Miniature organs, known as ‘organoids’, provided a breakthrough in medical research when they were first described in 2009. Since then, scientists have grown organoids from a wide range of human organs by taking stem cells and setting them in a gel.
This gel mimics the tissue that cells are supported in and allows them to form clusters as they grow and divide. In 2018, the first placental organoids (or ‘mini placentas’) were grown from trophoblasts – a type of cell found only in the placenta.
Bioprinting is a type of 3D printing technology that uses living cells and cell-friendly materials to create 3D structures. The researchers mixed trophoblast cells with a synthetic, controllable gel and 3D printed them into a culture dish in precise droplets, much like an ink-jet office printer.
“Our printed cells grew into placental organoids and we compared them to organoids made via traditional manual methods,” said Dr Richards.
“The organoids we grew in the bioprinted gel developed differently to those grown in an animal-derived gel, and formed different numbers of trophoblast sub-types. This highlighted that the environment organoids are grown in can control how they mature.

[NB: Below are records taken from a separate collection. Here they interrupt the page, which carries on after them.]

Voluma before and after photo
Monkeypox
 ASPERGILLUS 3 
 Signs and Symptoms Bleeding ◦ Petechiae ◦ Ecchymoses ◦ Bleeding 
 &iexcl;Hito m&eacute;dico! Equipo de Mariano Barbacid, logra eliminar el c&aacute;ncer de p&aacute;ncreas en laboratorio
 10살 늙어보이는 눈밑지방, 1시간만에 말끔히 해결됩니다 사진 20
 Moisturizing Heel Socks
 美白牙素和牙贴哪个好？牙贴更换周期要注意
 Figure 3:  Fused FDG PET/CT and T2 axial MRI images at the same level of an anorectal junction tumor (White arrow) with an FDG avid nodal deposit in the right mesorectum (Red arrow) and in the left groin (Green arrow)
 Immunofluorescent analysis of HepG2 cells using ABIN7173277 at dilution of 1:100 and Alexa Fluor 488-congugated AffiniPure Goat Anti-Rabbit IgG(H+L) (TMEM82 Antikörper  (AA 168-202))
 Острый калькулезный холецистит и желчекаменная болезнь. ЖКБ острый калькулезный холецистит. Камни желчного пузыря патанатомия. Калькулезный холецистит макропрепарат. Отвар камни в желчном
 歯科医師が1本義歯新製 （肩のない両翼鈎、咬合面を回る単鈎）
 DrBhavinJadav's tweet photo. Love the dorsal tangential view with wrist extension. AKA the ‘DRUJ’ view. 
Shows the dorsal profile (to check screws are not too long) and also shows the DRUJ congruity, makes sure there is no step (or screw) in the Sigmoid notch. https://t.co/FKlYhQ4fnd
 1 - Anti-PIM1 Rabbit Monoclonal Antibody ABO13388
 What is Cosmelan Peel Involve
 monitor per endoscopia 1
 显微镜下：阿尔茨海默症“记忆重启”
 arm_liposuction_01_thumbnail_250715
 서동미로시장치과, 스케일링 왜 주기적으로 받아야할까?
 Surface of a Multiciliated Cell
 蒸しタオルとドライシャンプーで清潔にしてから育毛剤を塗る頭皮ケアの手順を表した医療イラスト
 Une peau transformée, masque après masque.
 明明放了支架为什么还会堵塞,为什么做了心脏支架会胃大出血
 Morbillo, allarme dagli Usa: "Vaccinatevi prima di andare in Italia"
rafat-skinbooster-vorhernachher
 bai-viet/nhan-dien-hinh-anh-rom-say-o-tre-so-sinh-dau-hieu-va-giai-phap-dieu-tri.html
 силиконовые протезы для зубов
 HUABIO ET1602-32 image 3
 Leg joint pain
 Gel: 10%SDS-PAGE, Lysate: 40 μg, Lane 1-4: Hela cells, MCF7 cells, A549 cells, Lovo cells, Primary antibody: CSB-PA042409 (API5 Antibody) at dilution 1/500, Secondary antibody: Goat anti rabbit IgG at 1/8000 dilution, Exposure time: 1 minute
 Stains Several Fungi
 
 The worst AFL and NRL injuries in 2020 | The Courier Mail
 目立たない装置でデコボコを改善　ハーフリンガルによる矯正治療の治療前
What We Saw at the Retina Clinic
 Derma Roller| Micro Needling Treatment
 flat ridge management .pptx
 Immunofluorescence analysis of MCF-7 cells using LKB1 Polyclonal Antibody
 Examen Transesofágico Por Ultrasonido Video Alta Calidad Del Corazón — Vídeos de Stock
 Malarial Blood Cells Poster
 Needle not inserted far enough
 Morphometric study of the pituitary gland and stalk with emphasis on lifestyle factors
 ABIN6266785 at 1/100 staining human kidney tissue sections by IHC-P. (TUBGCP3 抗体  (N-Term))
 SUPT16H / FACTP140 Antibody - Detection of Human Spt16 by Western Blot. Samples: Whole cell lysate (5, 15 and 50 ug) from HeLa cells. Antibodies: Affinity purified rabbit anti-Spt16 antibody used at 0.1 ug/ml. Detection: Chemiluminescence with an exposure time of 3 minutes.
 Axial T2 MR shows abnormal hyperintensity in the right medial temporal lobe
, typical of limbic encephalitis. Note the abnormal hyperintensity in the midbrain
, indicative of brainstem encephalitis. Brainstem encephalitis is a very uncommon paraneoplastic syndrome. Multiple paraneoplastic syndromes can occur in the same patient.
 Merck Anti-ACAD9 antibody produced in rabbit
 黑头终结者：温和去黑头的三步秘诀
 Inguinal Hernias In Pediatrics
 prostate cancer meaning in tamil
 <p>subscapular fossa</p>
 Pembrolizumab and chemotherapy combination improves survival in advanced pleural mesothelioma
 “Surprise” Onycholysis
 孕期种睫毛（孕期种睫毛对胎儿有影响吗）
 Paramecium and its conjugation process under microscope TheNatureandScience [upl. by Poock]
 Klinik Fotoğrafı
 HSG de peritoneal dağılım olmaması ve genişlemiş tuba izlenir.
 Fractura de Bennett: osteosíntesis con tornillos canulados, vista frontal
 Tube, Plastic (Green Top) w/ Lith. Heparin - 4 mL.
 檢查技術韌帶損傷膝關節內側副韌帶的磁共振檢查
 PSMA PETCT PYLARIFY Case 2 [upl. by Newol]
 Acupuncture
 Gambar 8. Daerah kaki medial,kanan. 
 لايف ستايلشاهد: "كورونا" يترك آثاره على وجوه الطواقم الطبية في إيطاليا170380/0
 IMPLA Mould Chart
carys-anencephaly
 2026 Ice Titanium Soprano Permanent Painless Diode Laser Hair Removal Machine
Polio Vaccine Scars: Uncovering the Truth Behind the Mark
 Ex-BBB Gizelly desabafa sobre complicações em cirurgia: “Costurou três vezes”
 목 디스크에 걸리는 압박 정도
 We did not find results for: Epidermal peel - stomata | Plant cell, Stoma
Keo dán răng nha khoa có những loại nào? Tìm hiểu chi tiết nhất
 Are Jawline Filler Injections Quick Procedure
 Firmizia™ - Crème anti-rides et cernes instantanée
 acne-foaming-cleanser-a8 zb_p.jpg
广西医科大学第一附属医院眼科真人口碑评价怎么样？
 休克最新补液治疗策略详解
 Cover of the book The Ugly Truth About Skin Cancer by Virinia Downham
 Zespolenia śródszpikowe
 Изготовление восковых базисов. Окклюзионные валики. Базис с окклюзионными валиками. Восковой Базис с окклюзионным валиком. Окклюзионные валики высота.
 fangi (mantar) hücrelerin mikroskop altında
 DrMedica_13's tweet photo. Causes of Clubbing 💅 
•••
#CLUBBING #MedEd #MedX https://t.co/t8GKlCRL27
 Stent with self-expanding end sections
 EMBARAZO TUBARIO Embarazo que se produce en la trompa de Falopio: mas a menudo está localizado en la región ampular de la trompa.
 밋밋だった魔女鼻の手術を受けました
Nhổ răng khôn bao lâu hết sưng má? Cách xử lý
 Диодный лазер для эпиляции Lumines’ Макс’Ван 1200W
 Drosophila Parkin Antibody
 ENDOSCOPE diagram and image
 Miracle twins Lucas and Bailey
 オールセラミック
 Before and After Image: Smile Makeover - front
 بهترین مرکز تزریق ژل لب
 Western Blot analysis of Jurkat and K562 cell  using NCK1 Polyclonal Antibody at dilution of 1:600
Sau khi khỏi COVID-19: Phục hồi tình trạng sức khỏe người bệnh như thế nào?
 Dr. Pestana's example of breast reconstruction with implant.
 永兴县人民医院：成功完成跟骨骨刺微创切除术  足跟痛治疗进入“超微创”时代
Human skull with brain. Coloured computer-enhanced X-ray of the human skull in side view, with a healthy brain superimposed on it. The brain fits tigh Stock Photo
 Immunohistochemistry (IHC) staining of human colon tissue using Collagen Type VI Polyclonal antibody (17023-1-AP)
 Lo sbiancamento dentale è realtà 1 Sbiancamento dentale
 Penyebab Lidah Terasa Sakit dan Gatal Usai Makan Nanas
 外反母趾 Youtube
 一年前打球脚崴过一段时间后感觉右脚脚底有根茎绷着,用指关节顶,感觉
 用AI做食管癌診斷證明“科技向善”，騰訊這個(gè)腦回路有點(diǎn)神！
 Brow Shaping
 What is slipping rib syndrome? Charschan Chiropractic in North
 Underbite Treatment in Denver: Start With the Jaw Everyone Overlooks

“We showed these organoids were very similar to human placental tissue, providing an accurate model of the early placenta. This means we can start piecing together the puzzle of pregnancy complications and test new drugs safely.
“For example, we exposed our bioprinted organoids to an inflammatory molecule found at high levels in women with preeclampsia, then tested potential treatments to see how the organoids grew and responded.
“As we refine these models, we move closer to a future where pregnancy complications can be predicted, prevented and treated before they put lives at risk.”